I've always been bad at capital placement for some reason, i've never figured out why! tongue.gif
Thanks for the feedback! wub.gif
Valkyrie
Wow, really enjoyed reading it. Well written, well thought of...Perfect
Makes me want to watch Lord of the Rings again wub.gif
Extreme Steak
Very good i like it biggrin.gif
Real
QUOTE
I felt on my back,


This doesn't make much sense to me - "I laid a hand on my back" or simply "I felt my back"?

Overall, a great story smile.gif
Finway
This is a very interesting short story to say the least. It kept me reading more throughout the entire thing. I noticed that you took quite a few creative liberties in this story: You humanized Verac, who is, in the game, a ghost; the main character drops his bow, which isn't something that happens in Runescape (I liked that part); and, best of all, the bad guy (Verac) wins. I really enjoyed reading because of these aspects of.

However, I noticed that you mentioned Verac's face. Is he wearing a helmet, in the game, or is this another creative liberty? A bit more description would go along way. Also, there is no mention of the horrors of Mort'ton, other than the fact that it is 'relatively comfortable' compared to the Barrows. But don't worry about these minor errors in your future writing; overall, I was very impressed and thought that this was a very good short story.
Goggie
QUOTE (Finway @ Jul 16 2009, 04:28 AM) *
This is a very interesting short story to say the least. It kept me reading more throughout the entire thing. I noticed that you took quite a few creative liberties in this story: You humanized Verac, who is, in the game, a ghost; the main character drops his bow, which isn't something that happens in Runescape (I liked that part); and, best of all, the bad guy (Verac) wins. I really enjoyed reading because of these aspects of.

However, I noticed that you mentioned Verac's face. Is he wearing a helmet, in the game, or is this another creative liberty? A bit more description would go along way. Also, there is no mention of the horrors of Mort'ton, other than the fact that it is 'relatively comfortable' compared to the Barrows. But don't worry about these minor errors in your future writing; overall, I was very impressed and thought that this was a very good short story.

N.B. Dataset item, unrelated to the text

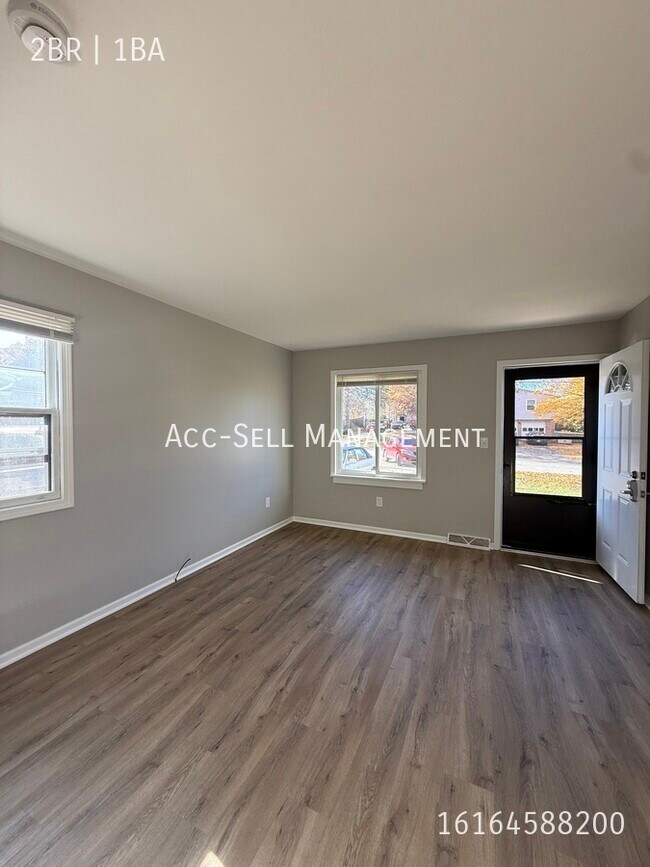 Photo - 5962 Ridgebrook Ave SE Apartamento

Thanks for the feedback, and yes I guess I did take some creative liberties I guess tongue.gif
I decided from the start to try and not make it sound like a game, as from the way I see it, it can diminish the work of the author if all the reader sees is Runescape slang and references. I did also skirt around large details of the area, but I think this is because I wrote the whole piece in around 30-40 minutes with no previous planning. It was one of those impromptu stories that I just felt like writing.

In future I hope to write some more Stories (perhaps longer ones) but right now I am lacking inspiration. I have one or two ideas but they are only in what I can describe as the 'pondering stage' blush.gif
Dragut
I'd been reluctant to read this (sorry) because so many “short stories” end up taking a very long time to read, and cause me endless annoyance because of bad pacing. You have definitely avoided both of these negative traps, and your plot was creative to top it off. Really, though, the story should have been longer. You should have written more about the main character and his motives to enter the Barrows. And who is his elusive Mentor? Does he have family? Where does he live? What does he look like? The list goes on and on. But really, good job. I wish I'd read this story sooner! Good luck on future stories!
twofu2
Good story. Keep it up. happy.gif Lol thats what that guy gets for being over-confident.